Work task → Return only these lines: the one that contains "Esoteric dada collage" and every line after it through the end of the listing, exactly, without pictures.

Data →
* * * * * * *

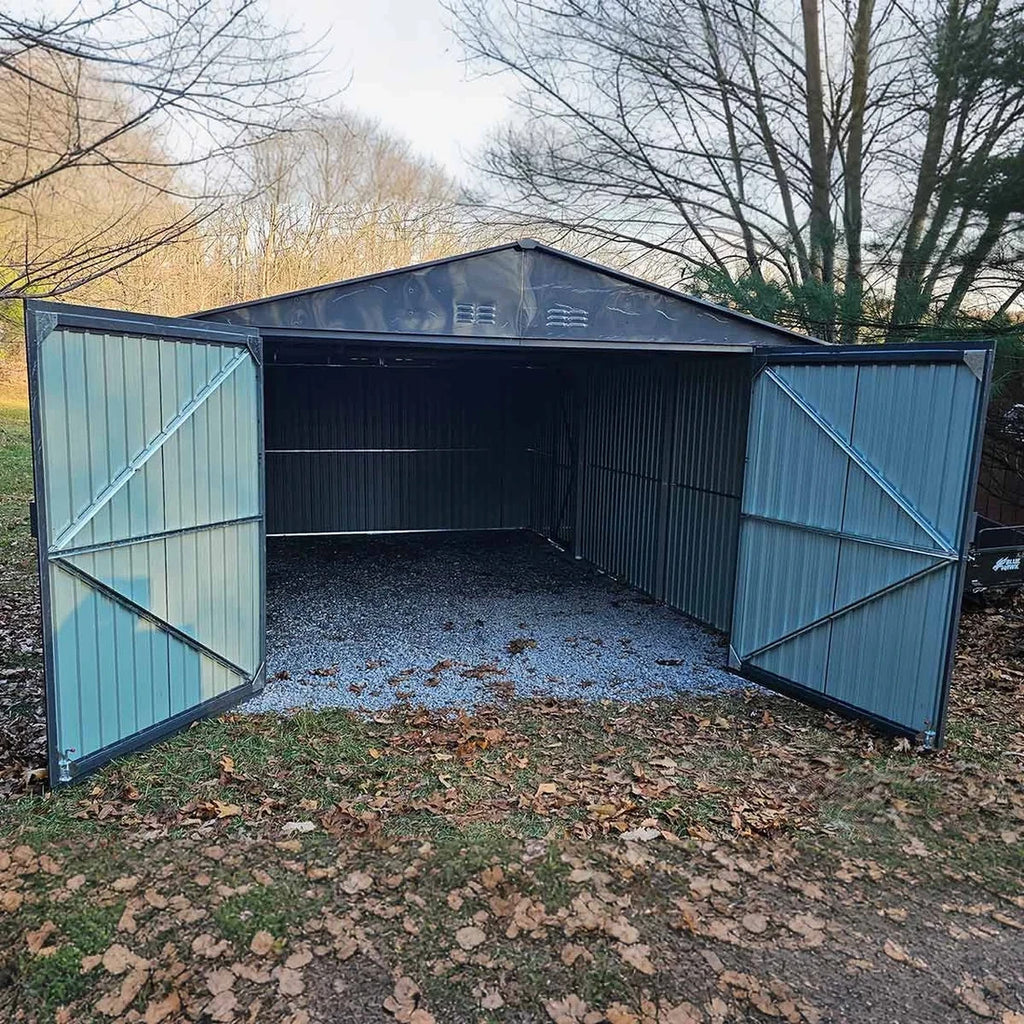 13' x 20' Heavy Duty Metal Storage Shed Steel w/ Double Front & Side Doors
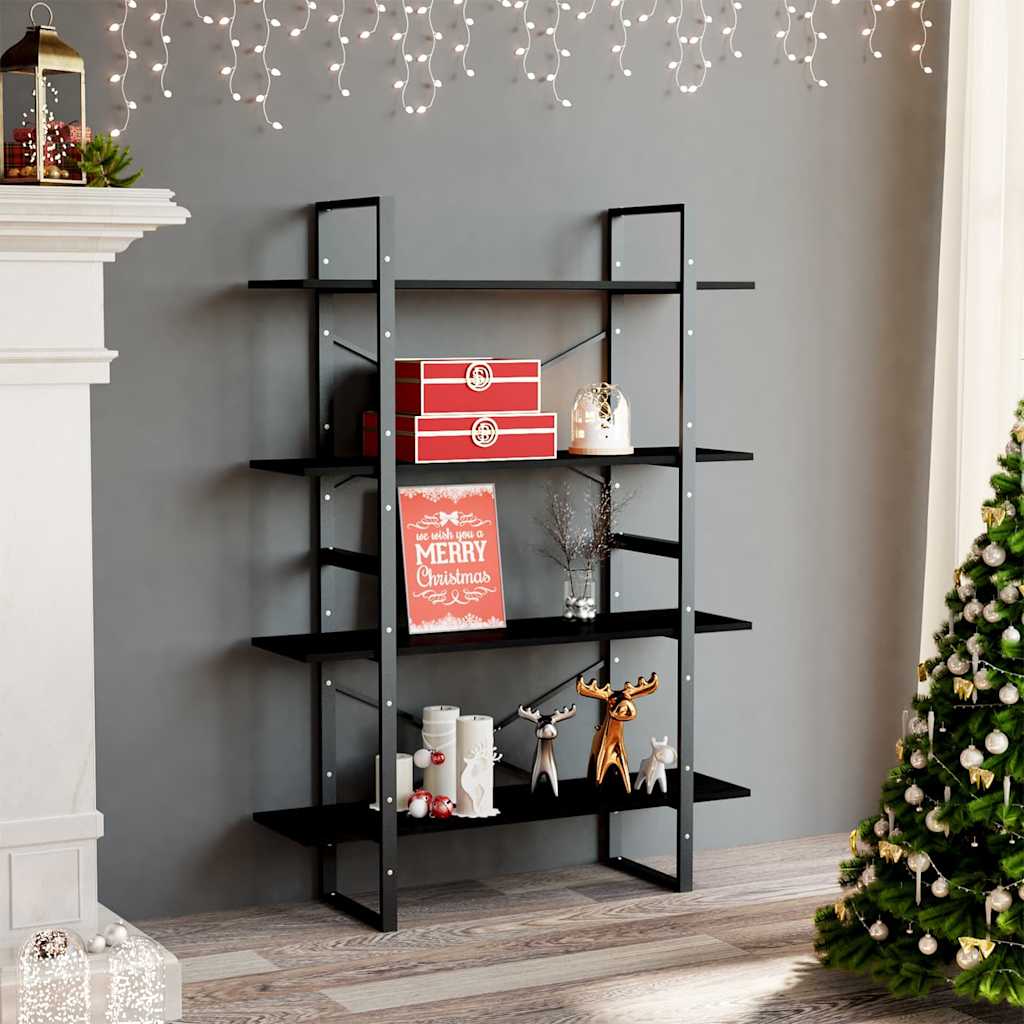 vidaXL 4-Tier Book Cabinet Black 100x30x140 cm Solid Pine Wood 1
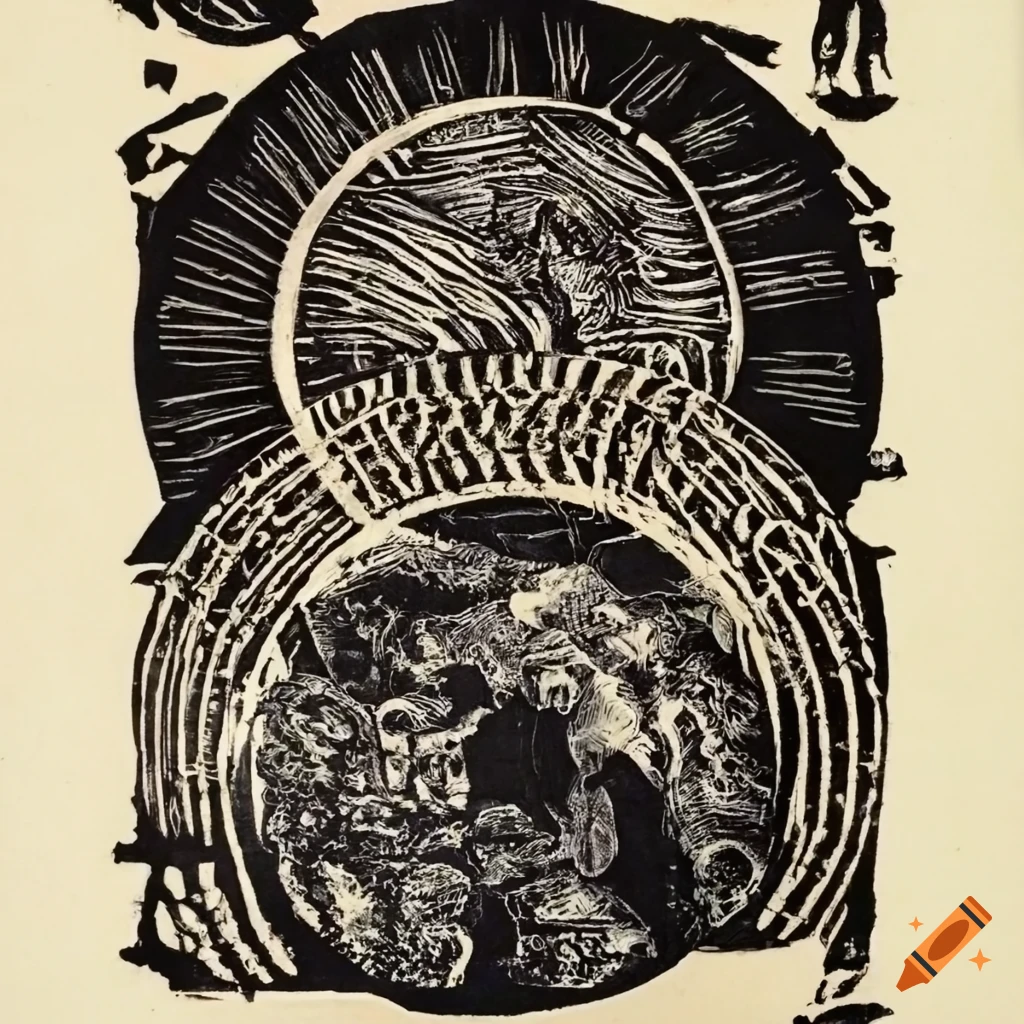 Esoteric dada collage linocut of the nine circles of hell
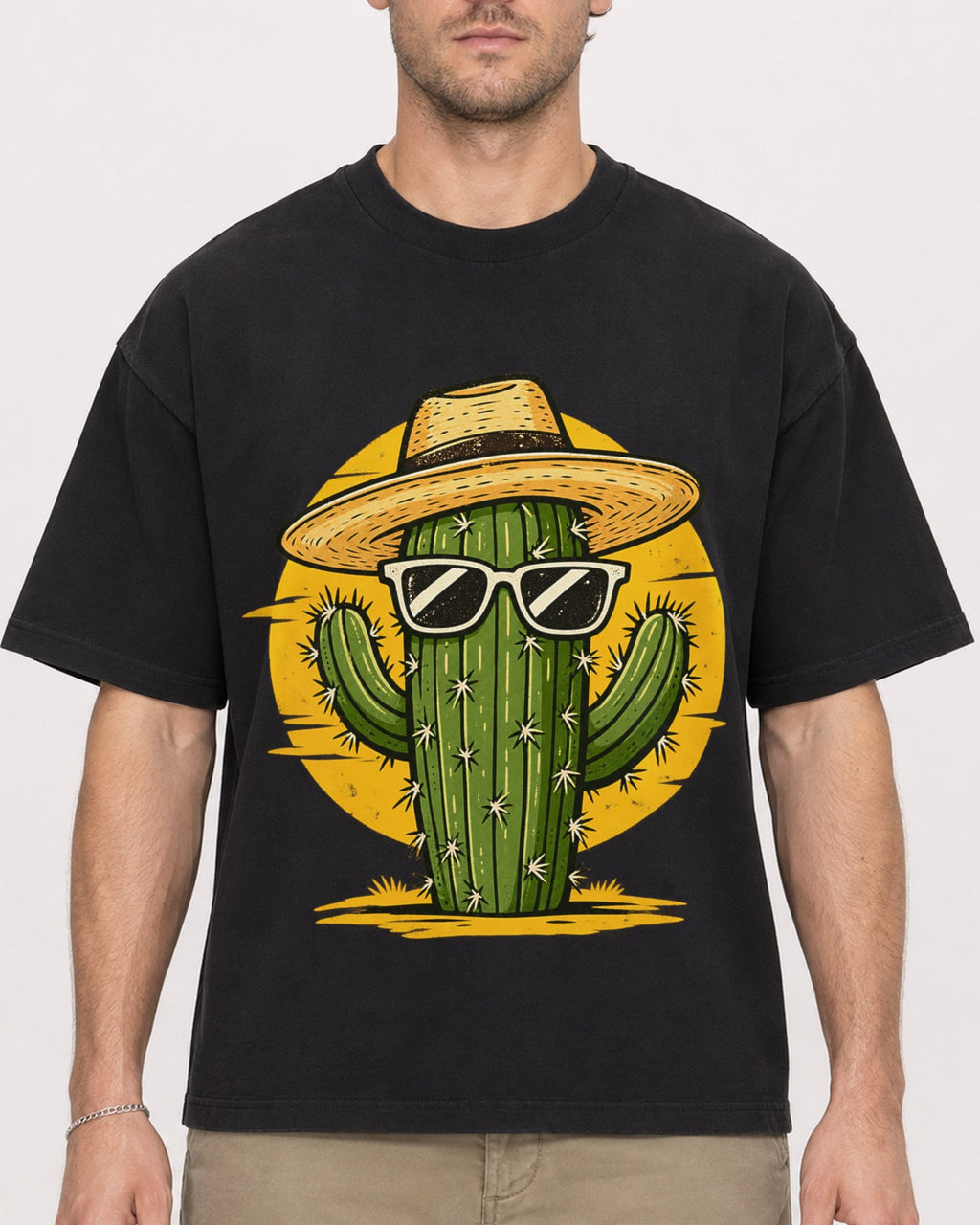 Mockup Boxy Heavyweight Tee Black male close-up 08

* * * * * * *

Your response →
 Esoteric dada collage linocut of the nine circles of hell
 Mockup Boxy Heavyweight Tee Black male close-up 08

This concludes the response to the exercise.